● **Entries supplied**
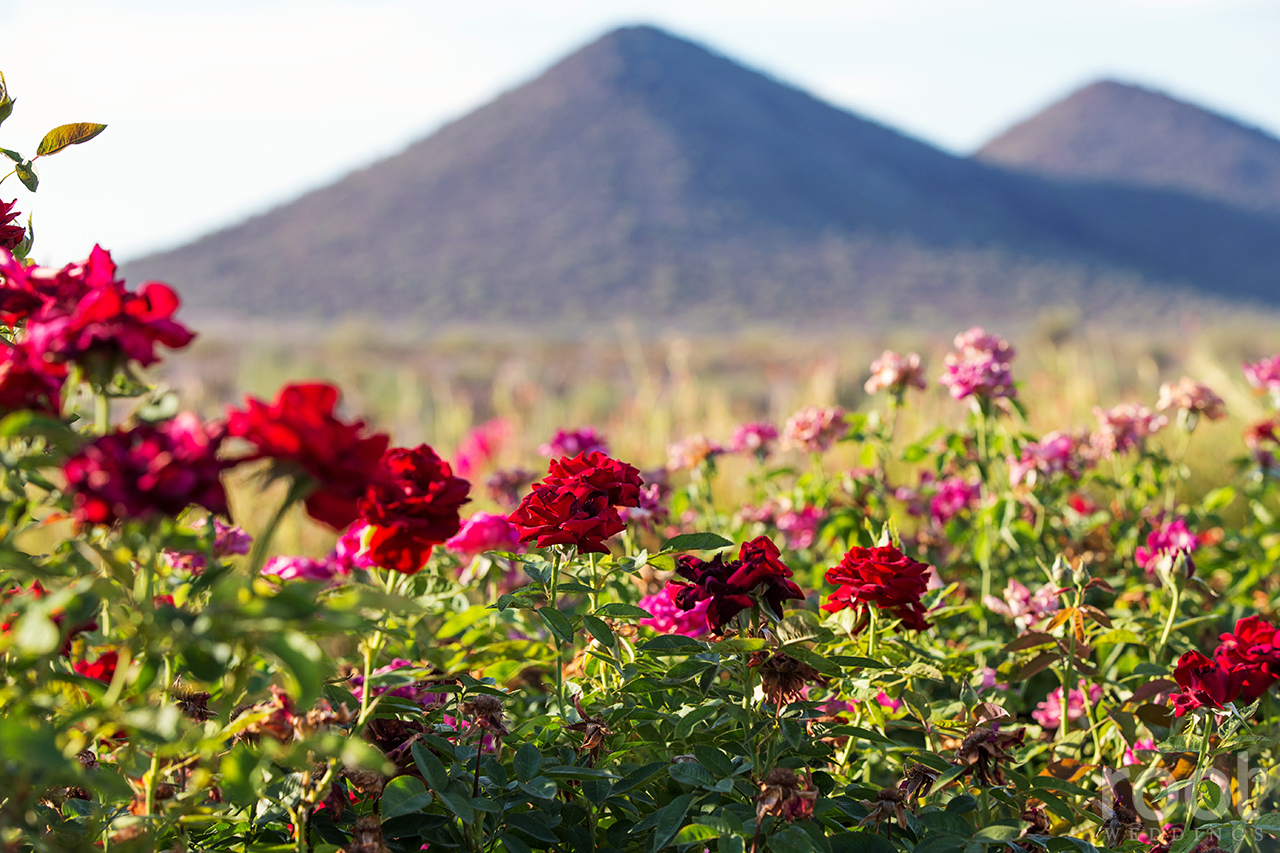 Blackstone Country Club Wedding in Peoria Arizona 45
--
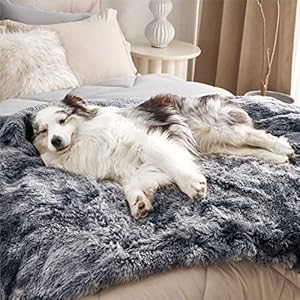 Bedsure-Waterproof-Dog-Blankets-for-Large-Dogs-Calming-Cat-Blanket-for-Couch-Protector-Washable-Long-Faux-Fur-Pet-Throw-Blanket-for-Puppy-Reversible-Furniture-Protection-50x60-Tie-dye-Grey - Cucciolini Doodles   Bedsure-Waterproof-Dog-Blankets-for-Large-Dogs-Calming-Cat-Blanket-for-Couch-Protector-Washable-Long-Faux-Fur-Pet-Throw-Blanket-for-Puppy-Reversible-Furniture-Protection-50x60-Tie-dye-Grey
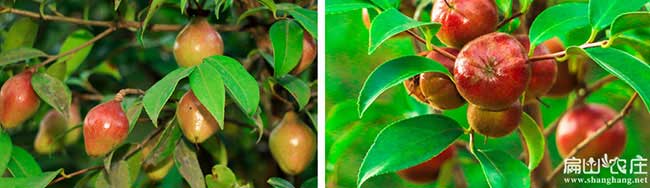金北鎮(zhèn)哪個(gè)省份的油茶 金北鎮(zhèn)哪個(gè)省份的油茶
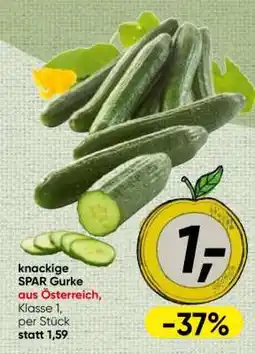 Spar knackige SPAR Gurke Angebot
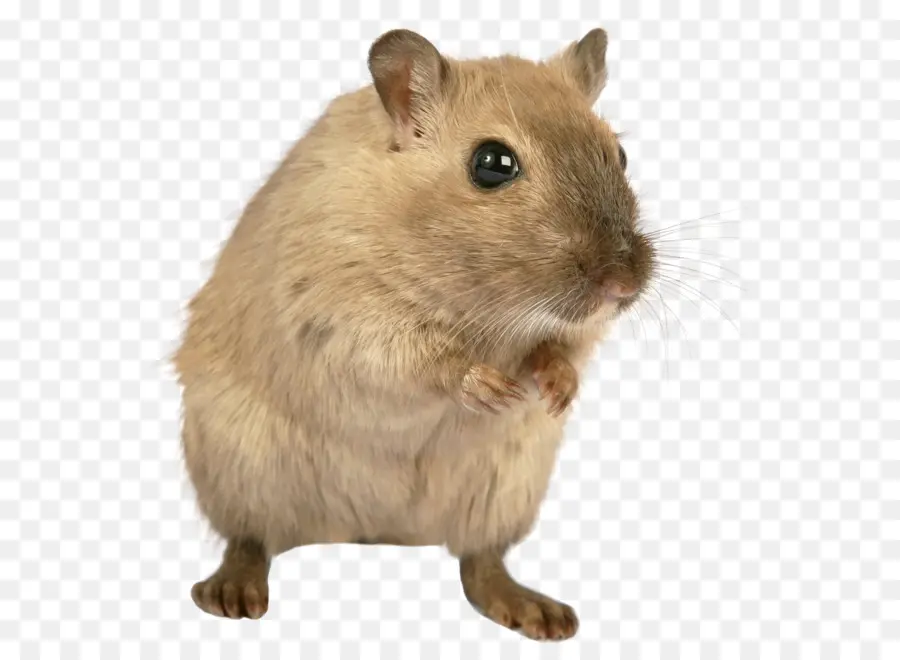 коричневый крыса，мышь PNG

● **Work task**
For this exercise, set down the lines in the entries above from the one with "金北鎮(zhèn)哪個(gè)省份的油茶 金北鎮(zhè" through the one with "коричневый крыса，мышь PNG" exactly as written, without any pictures.

● **Final answer**
金北鎮(zhèn)哪個(gè)省份的油茶 金北鎮(zhèn)哪個(gè)省份的油茶
 Spar knackige SPAR Gurke Angebot
 коричневый крыса，мышь PNG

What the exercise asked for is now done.